Mgr Georg Gänswein sera-t-il finalement nonce apostolique ? Il est question de la Lituanie. Le doute est permis. Que ce soit dans un sens ou dans l’autre, Santa Marta joue son propre jeu…

Dans une récente interview accordée au quotidien espagnol ABC et dans un livre d’entretiens, le pape François avait passablement exagéré sa relation avec Benoît XVI. Il s’en est notamment pris avec une dureté étonnante à Mgr Georg Gänswein, secrétaire historique de Benoît XVI, alors qu’il l’avait de toute façon déjà démis de ses fonctions de préfet de la Maison pontificale début 2020 et même éloigné du Vatican l’année dernière.

Apparemment, quelqu’un a attiré l’attention du chef de l’Eglise sur le fait que cette attaque n’avait pas seulement étonné, mais aussi perturbé beaucoup de monde. L’équipe de choc de journalistes qui entoure François s’efforce désormais de contrecarrer ce phénomène afin de rétablir l’image « juste » de la papauté.

C’est Elisabetta Piqué, vaticaniste du quotidien argentin La Nación et amie personnelle du pape, qui a ouvert le bal. Se référant à des rumeurs « circulant au Vatican », elle a affirmé que François voulait rappeler Gänswein, 67 ans, au service actif et le nommer nonce apostolique. La nouvelle a immédiatement fait le tour du monde. Mais qu’en est-il de cette affaire ? A Rome, on ne confirme ni n’infirme de source réellement informée.

L’éloignement de Rome de Gänswein

A la fin de l’année 2022, Benoît XVI mourait à un âge avancé. Les inamitiés papales autour de la messe de requiem et de l’enterrement sont connues. Peu de temps après, des voix se sont élevées pour dire que François voulait éloigner du Vatican et de Rome le fidèle secrétaire de Benoît, qu’il n’appréciait guère.

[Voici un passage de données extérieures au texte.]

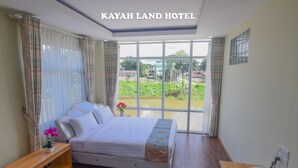 Quarto de hotel com uma cama grande, mesinhas de cabeceira de madeira, uma escrivaninha com telefone e vista para áreas verdes e edifícios através de janelas amplas.
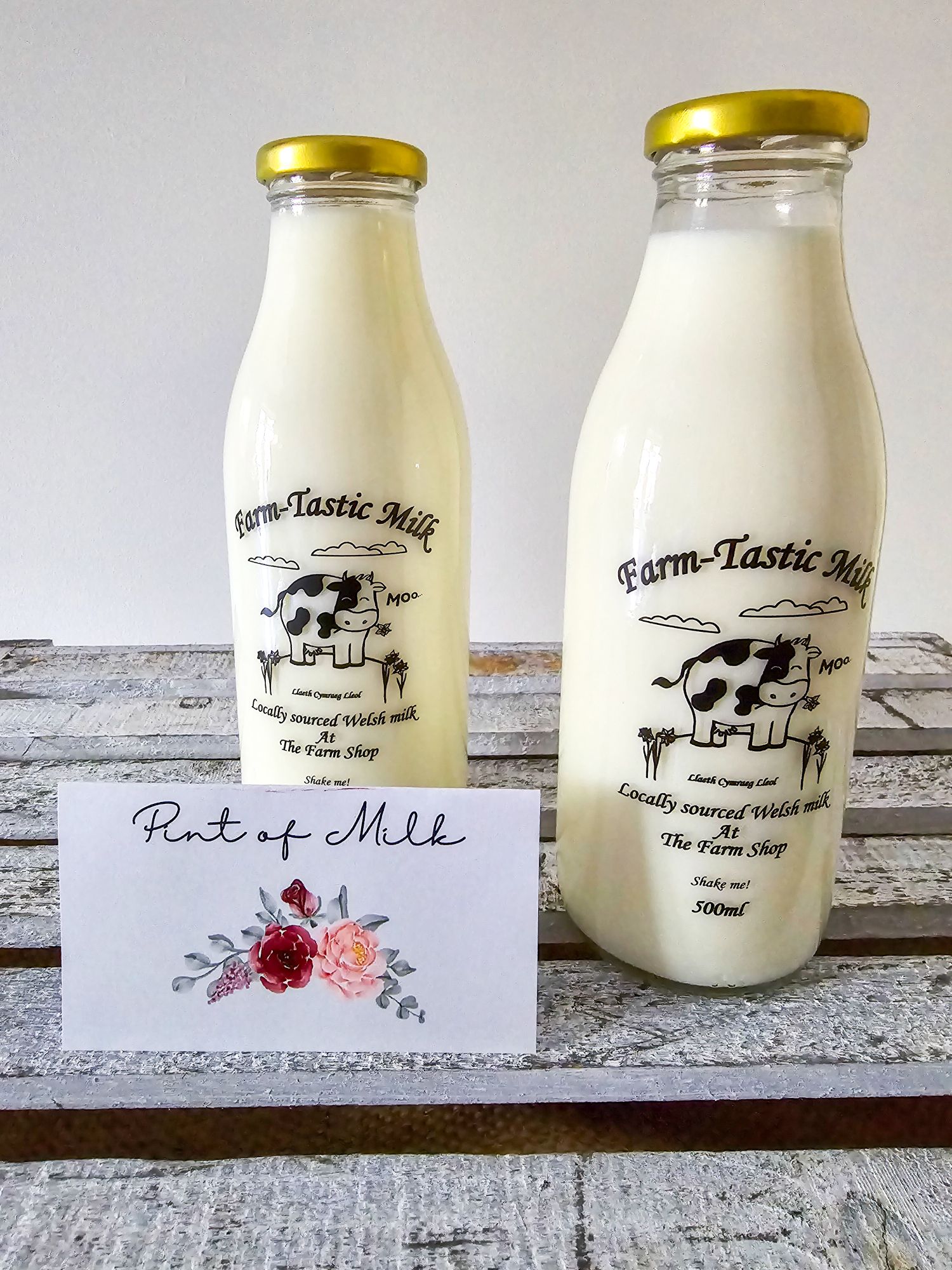 Two milk bottles with floral “milk” label on display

Immédiatement après, en guise de contre-mesure de la part de la cour pontificale, la rumeur inverse s’est propagée : Gänswein allait être nommé nonce apostolique et chargé de la représentation diplomatique du Saint-Siège dans l’un des nombreux États avec lesquels celui-ci entretient des relations diplomatiques.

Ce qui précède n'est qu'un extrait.